精神分析(私が受けているのは精神分析的精神療法だが、簡略して精神分析と記載)は治療の手段だが、週1回以上同じ時間に同じ場所に通い、同じ先生と話すという行為は、もはや生活の大きな一部分である。精神分析を受けるかどうかというのは、精神分析を受け続ける生活を送るか、もしくは精神分析のない生活を送るかどうか、と言い換えた方がより実感に近い。

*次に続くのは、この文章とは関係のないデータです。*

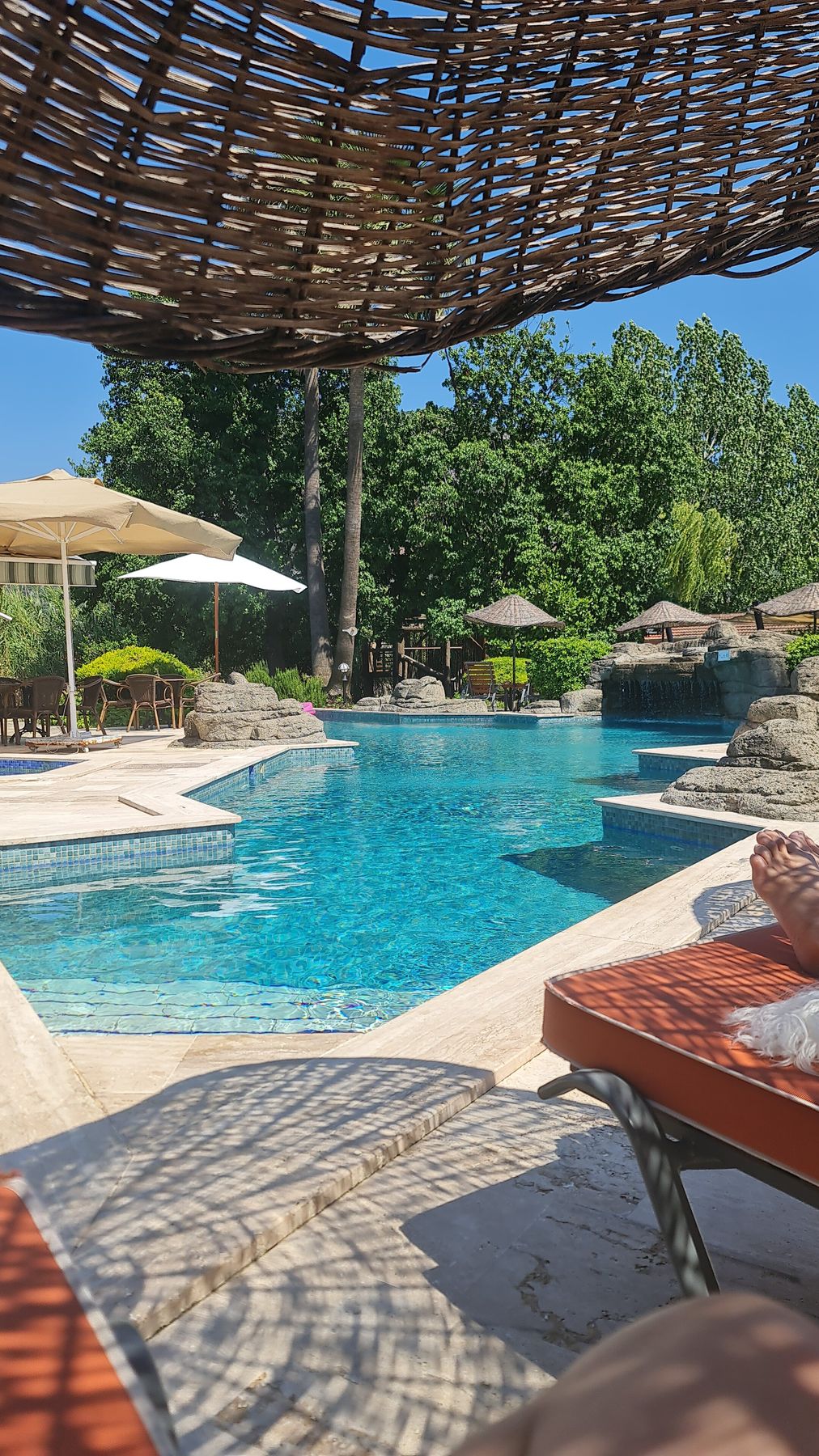 Korbschirm am Pool der Lodge in Dalyan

初回面接から半年以上が経った。精神分析への印象や態度がフラットになってきた。
開始当初は強く何かを期待したり、当日を意識しすぎてしまったり、一方話すことが苦しかったり、話したことで落ち込んだりしていたが、そういった振れ幅は小さくなった。まるで食事のように、当たり前に繰り返される生活の一部になった。
緊張が取れてきたからなのか、セッションで話すことを事前に想定したりすることが少なくなり、カウチに寝てからその場で思いついたことを徒然に語れるようになった。以前より話題も広がって、直近のセッションでは自分の好きなラーメンの話を始めて、その話題の明るさ、気軽さに自分で驚いてしまった。
こういった気軽さにこそ無意識は潜むのだろうか。これまでは分析のイメージ通り、自分が中途半端に勉強しているからだろうが、「重い話」ばかりしていた。親の話や性愛の話など、分析の教科書にまず書かれていそうな話題だ。だからこそラーメンを話題にしたことに驚いた。ラーメンの話を始めた自分は、とても自然体で無意識的であったと思う。分析オフィスの近くのラーメン屋の話であったから、もちろん先生も知っているラーメン屋であった。そんな平凡な話題が、今後は増えていくのだろうか。